The Best of Mike Royko
Editor's
note: The
Chicago Daily News published this column April 5, 1968, after the assassination
of Dr. Martin Luther King, Jr.
FBI
agents are looking for the man who pulled the trigger and surely they will find
him.
But it
doesn't matter if they do or they don't. They can't catch everybody, and Martin
Luther King was executed by a firing squad that numbered in the millions.
They took
part, from all over the country, pouring words of hate into the ear of the
assassin.
The man
with the gun did what he was told. Millions of bigots, subtle and obvious, put
it in his hand and assured him he was doing the right thing.
It would
be easy to point at the Southern redneck and say he did it. But what of the
Northern disk-jockey-turned-commentator, with his slippery words of hate every
morning?
What
about the Northern mayor who steps all over every poverty program advancement,
thinking only of political expediency, until riots fester, whites react with
more hate and the gap between the races grows bigger?
Toss in
the congressman with the stupid arguments against busing. And the pathetic
women who turn out with eggs in their hands to throw at children.
Let us
not forget the law-and-order type politicians who are in favor of arresting all
Negro prostitutes in the vice districts. When you ask them to vote for laws
that would eliminate some of the causes of prostitution, they babble like the
boobs they are.
Throw in
a Steve Telow or two: the Eastern and Southern European immigrant or his kid
who seems to be convinced that in 40 or 50 years he built this country. There
was nothing here until he arrived, you see, so that gives him the right to
pitch rocks when Martin Luther King walks down the street in his neighborhood.
They all
took their place in King's firing squad.
And
behind them were the subtle ones, those who never say anything bad but just nod
when the bigot throws out his strong opinions.
He is
actually the worst, the nodder is, because sometimes he believes differently
but he says nothing. He doesn't want to cause trouble. For Pete's sake, don't
cause trouble!
So when
his brother-in-law or his card-playing buddy from across the alley spews out
the racial filth, he nods.
Give some
credit to the most subtle of the subtle.
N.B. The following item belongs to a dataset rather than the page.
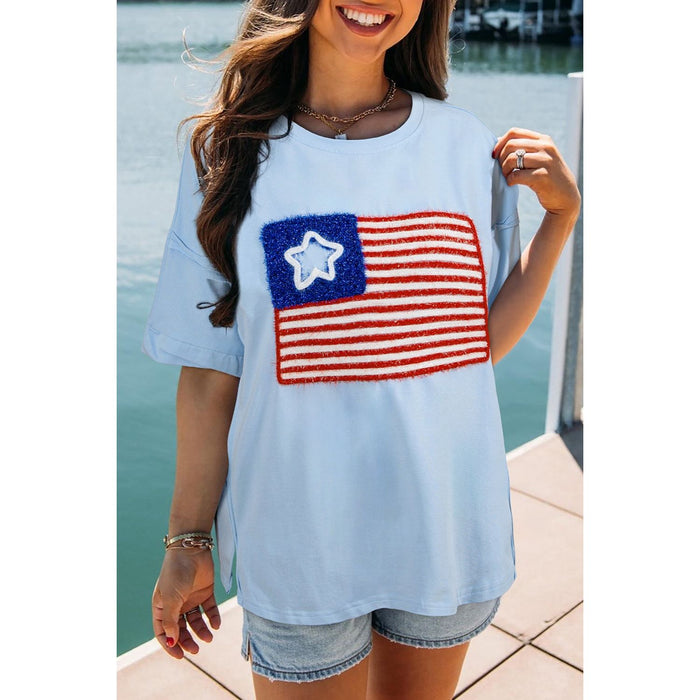 US Flag Round Neck Short Sleeve T-Shirt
That distinction belongs to the FBI,
now looking for King's killer.
That
agency took part in a mudslinging campaign against him that to this day demands
an investigation.
The
bullet that hit King came from all directions. Every two-bit politician or
incompetent editorial writer found in him, not themselves, the cause of our
racial problems.
It was
almost ludicrous. The man came on the American scene preaching nonviolence from
the first day he sat at the wrong end of a bus. He preached it in the North and
was hit with rocks. He talked it the day he was murdered.
Hypocrites
all over this country would kneel every Sunday morning and mouth messages to
Jesus Christ. Then they would come out and tell each other, after reading the
papers, that somebody should string up King, who was living Christianity like
few Americans ever have.
Maybe it
was the simplicity of his goal that confused people or the way he dramatized
it.
He wanted
only that black Americans have their constitutional rights,that they get an
equal shot at this country's benefits, the same thing we give to the last guy
who jumped off the boat.
So we
killed him. Just as we killed Abraham Lincoln and John F. Kennedy. No other
country kills so many of its best people.
Last
Sunday night the President said he was quitting after this term. He said this
country is so filled with hate it might help if he got out. Four days later we
killed a Nobel Peace Prize winner.
We have
pointed a gun at our own head and we are squeezing the trigger. And nobody we
elect is going to help us. It is our head and our finger.